Przez tydzień WIG20 spadł o 1,6 proc., o czym przesądziły słabsze sesje w środę i czwartek. Znalazł się ostatecznie na poziomie 2273 pkt i ponownie przybliżył się, jednak tym razem od góry, do średnioterminowej linii trendu spadkowego. To ta sama linia, którą półtora tygodnia temu z powodzeniem przełamał. Dopóki pozostaje ponad nią, sytuacja sprzyja bykom, ale jeśli zejdzie poniżej, marzenia o zmianie kierunku trendu będzie trzeba z powrotem schować do szuflady.
W minionym tygodniu doszło do sporych zawirowań w notowaniach kilku ważnych dla warszawskich indeksów spółek.
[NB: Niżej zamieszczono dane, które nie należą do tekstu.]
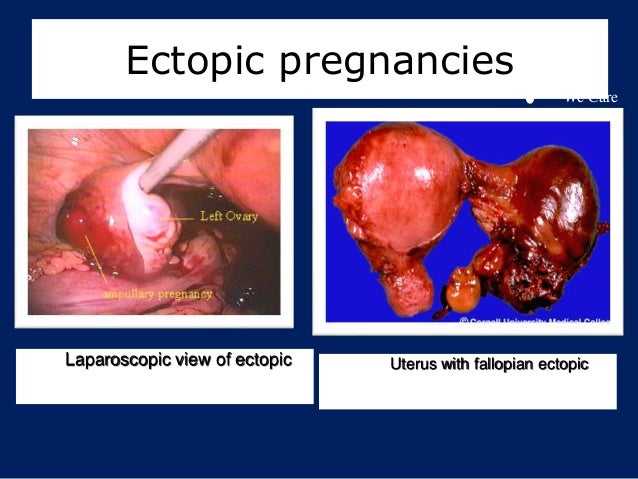 How to approch a case of bleeding in early pregnancy with case illust… How to approch a case of bleeding in early pregnancy with case illust…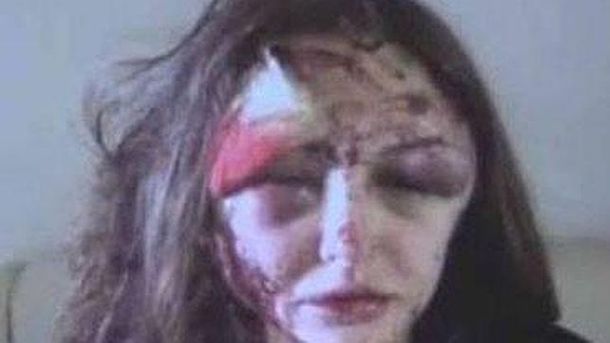 Un millonario ruso desfiguró a su novia por querer terminar la relación que tenía con él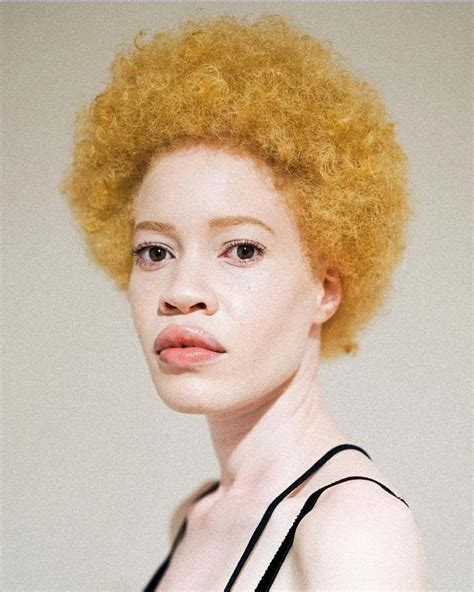 Stunning Model with Albinism Expands the Definition of Beauty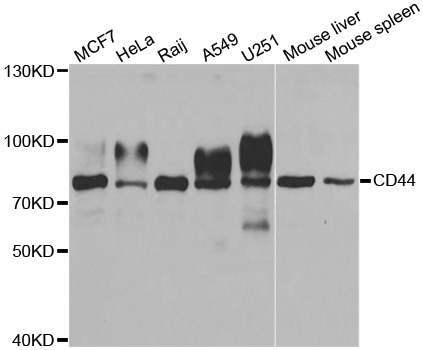 CD44 Antibody - Western blot analysis of extracts of various cell lines, using CD44 antibody at 1:1000 dilution. The secondary antibody used was an HRP Goat Anti-Rabbit IgG (H+L) at 1:10000 dilution. Lysates were loaded 25ug per lane and 3% nonfat dry milk in TBST was used for blocking.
Mowa m.in. o sporych spadkach Orlenu (po anulowaniu Olefin III), CD Projektu (realizacja zysków po ujawnieniu zwiastuna Wiedźmina 4) czy Allegro, a w gronie średniaków m.in. o tąpnięciu kursu 11bit studios (ryzyko dużego odpisu na jedną z kluczowych gier) czy korekcie notowań CCC. Druga i trzecia linia firm również poddała się presji podaży, tracąc przez tydzień odpowiednio 1,4 proc. i 1 proc.
Na zachodzie kontynentu nastroje także były słabsze niż na starcie miesiąca, jednak zniżki okazywały się z reguły symboliczne. Francuski CAC40 i brytyjski FTSE-100 straciły odpowiednio 0,2 proc. i 0,1 proc. Wyjątkowo senny tydzień mieliśmy we Frankfurcie – największa dzienna zmiana DAX-a wyniosła 0,3 proc., a bilans tygodnia zamknął się niemal dokładnie na zero. To jednak nie przeszkodziło indeksowi wdrapać się w trakcie piątkowej sesji na nowy rekordowy poziom 20 522 pkt.
W USA na plus wyróżniały się wskaźniki rynku technologicznego. Obejmujący cały ten rynek indeks Nasdaq Composite przez tydzień wzrósł co prawda niewiele, o 0,3 proc., ale kilkukrotnie zaliczał nowe maksima, docierając w piątek do 20 061 pkt. Po przeciwnej stronie znalazła się średnia Dow Jones Industrial, która traciła każdego dnia i wydłużyła spadkową serię do siedmiu sesji – co trochę niepokoi analityków, ponieważ jest najdłuższą taką serią od lutego 2020 r. Spadek DJI z całego ubiegłego tygodnia wyniósł 1,8 proc. Indeks S&P 500 pozostawał w konsolidacji tuż poniżej niedawnych szczytów, tracąc przez tydzień 0,6 proc.
W zeszłym tygodniu byliśmy świadkami cięć stóp procentowych przez EBC oraz Bank Szwajcarii. W tym tygodniu pora zaś na decyzje Fedu (w środę wieczorem) oraz m.in. Banku Japonii i Banku Anglii (w czwartek). W USA spodziewane jest cięcie o 25 pkt baz. W Japonii po prawie pięciomiesięcznym utrzymywaniu stóp bez zmian oczekuje się zaś ich podwyżki o 0,25 pkt baz. Tylko w Wielkiej Brytanii stopy powinny pozostać na dotychczasowym poziomie.